• _What to produce_: Your answer must consist solely of the line containing "Opvouwbare Babywieg –" and each line after it through the end of the data, copied exactly.

════════════════

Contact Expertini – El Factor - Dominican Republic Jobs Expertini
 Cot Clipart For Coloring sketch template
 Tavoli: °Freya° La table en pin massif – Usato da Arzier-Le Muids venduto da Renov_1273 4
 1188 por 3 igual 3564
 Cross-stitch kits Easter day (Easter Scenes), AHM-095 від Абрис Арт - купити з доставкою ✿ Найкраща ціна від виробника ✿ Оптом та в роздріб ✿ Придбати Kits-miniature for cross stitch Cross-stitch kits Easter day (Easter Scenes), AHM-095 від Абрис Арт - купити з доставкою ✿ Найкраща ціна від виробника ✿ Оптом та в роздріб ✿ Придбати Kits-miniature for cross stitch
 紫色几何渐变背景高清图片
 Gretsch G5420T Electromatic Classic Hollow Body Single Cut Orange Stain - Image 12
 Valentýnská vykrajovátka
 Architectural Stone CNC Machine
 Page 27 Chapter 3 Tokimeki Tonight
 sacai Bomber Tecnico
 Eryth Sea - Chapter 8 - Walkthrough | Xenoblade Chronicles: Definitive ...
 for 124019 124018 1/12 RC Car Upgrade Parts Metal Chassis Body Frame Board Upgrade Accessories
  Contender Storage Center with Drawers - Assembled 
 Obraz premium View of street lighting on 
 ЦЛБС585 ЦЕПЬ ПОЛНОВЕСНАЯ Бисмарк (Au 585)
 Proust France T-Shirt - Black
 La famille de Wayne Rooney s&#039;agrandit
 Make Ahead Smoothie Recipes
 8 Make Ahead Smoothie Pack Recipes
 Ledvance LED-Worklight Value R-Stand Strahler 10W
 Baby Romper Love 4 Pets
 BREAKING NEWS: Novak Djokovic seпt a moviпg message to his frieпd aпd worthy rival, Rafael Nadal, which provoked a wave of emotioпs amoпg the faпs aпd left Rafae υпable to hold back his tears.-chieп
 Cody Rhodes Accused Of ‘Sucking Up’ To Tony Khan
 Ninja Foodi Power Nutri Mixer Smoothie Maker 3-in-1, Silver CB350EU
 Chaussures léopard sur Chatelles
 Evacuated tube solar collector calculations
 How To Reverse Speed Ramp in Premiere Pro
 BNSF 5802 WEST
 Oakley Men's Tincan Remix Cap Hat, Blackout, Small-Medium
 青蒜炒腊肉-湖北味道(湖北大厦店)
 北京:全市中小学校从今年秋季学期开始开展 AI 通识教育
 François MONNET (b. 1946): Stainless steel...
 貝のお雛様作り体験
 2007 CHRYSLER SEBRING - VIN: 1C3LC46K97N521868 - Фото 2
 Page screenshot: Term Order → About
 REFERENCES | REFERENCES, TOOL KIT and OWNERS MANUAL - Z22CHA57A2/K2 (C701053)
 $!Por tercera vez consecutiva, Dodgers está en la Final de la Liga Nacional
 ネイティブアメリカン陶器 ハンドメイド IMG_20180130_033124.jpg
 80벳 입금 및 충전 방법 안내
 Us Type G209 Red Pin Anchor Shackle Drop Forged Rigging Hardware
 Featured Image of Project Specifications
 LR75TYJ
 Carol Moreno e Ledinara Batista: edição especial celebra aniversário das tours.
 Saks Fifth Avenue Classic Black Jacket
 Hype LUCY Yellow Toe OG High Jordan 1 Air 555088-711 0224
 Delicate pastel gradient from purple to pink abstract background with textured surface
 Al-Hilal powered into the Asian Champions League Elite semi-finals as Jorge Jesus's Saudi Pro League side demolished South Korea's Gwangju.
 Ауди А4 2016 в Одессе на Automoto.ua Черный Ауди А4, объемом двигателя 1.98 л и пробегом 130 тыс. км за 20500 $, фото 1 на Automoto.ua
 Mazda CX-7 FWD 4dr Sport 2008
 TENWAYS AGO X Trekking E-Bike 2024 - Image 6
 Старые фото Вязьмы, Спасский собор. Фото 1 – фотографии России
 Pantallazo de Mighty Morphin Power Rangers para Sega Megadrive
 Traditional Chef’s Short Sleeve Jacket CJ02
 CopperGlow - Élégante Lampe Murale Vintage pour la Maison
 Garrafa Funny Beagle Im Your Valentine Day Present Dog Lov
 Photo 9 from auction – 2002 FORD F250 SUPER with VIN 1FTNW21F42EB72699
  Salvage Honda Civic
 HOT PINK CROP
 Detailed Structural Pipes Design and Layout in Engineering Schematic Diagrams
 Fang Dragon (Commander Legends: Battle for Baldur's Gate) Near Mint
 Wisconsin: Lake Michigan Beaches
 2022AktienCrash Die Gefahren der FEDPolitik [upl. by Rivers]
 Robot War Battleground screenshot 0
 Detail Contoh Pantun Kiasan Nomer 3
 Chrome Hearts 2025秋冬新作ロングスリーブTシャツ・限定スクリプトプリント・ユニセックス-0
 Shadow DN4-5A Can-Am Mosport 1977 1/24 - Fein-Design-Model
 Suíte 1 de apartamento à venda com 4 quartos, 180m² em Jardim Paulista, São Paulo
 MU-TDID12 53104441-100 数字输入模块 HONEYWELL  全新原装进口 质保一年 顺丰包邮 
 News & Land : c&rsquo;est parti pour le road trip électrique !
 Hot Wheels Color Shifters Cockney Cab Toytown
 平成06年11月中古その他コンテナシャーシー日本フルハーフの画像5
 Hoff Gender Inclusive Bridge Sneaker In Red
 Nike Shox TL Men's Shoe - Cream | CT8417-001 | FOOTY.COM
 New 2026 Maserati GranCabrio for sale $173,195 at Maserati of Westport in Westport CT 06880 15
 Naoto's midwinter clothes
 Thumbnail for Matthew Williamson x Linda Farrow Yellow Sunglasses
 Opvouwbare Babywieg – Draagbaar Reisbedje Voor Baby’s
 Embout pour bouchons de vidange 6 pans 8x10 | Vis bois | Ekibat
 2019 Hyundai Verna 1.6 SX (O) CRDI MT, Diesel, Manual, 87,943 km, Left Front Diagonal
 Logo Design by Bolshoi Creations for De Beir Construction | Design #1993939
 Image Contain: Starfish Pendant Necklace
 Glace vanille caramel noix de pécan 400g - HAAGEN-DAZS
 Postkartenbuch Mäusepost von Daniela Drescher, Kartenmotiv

════════════════

• _Completed exercise_:
 Opvouwbare Babywieg – Draagbaar Reisbedje Voor Baby’s
 Embout pour bouchons de vidange 6 pans 8x10 | Vis bois | Ekibat
 2019 Hyundai Verna 1.6 SX (O) CRDI MT, Diesel, Manual, 87,943 km, Left Front Diagonal
 Logo Design by Bolshoi Creations for De Beir Construction | Design #1993939
 Image Contain: Starfish Pendant Necklace
 Glace vanille caramel noix de pécan 400g - HAAGEN-DAZS
 Postkartenbuch Mäusepost von Daniela Drescher, Kartenmotiv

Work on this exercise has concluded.